I think Videodrome was a brilliant movie, not particularly the bdsm moments as such (Debbie Harry being hung up and whipped etc) but more the way it poses questions about sex, intimacy, loneliness and virtual reality. The film was made ten years before the internet broke through but it picks up some issues that only the web (and the social changes of later years) have really made pertinent. Max wants to change things in a way, he sees himself as a rebel entrepreneur but he's really the hooked prey of what he meets on tv and in this shut-off reality, the fantasies that he is fed.
He's a rather damaged guy, can't trust anyone and can't rest in anything of what he sees or build any kind of steady relations. I don't think that was a comment from Cronenberg on fetish relationships, it's more about how people become expendable in some parts of the media and in an image-stricken way of life. Nikki Sixx's Heroin Diaries could be read as another version of the same state of mind.
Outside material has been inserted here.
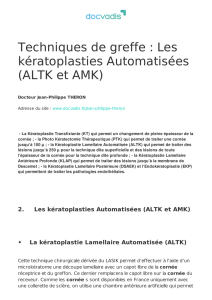 Techniques de greffe : Les kératoplasties Automatisées (ALTK et AMK)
I have big issues with Pat Conroy's The Prince of Tides, issues that would probably be even greater with the movie if I saw it - again, not bdsm issues as such.I liked parts of the book very much, the southern stories of Savannah and her brothers are sensuous, raunchy, funny, richly textured and emotional without being teary-eyed - they have a dead-on satiric edge too: the chapter where Tom meets Herbert Woodruff at a simmering cold party is a satiric masterpiece - but the core of the book felt bogged down in some sort of melodramatic kitsch overkill. It never really explains why Savannah goes schizophrenic, the book seems to buy into some muddy linking of madness, suffering and genius and the psychologist and her love affair with Tom ultimately wrecks the book - no psychologist in their right mind enters a love affair with a patient or confidant, that's an absolute no-no. And the overdone rape/killing scene with the tiger does nothing to explain things.
Someone said about the film that it's really "a romance masquerading as a story of mental illness and healing" - could be true, but then it seems to me Savannnah would be largely a redundant character or designed to pull readers into the story. When the author sneaks off her, it's a move that would eat at the focus of the book.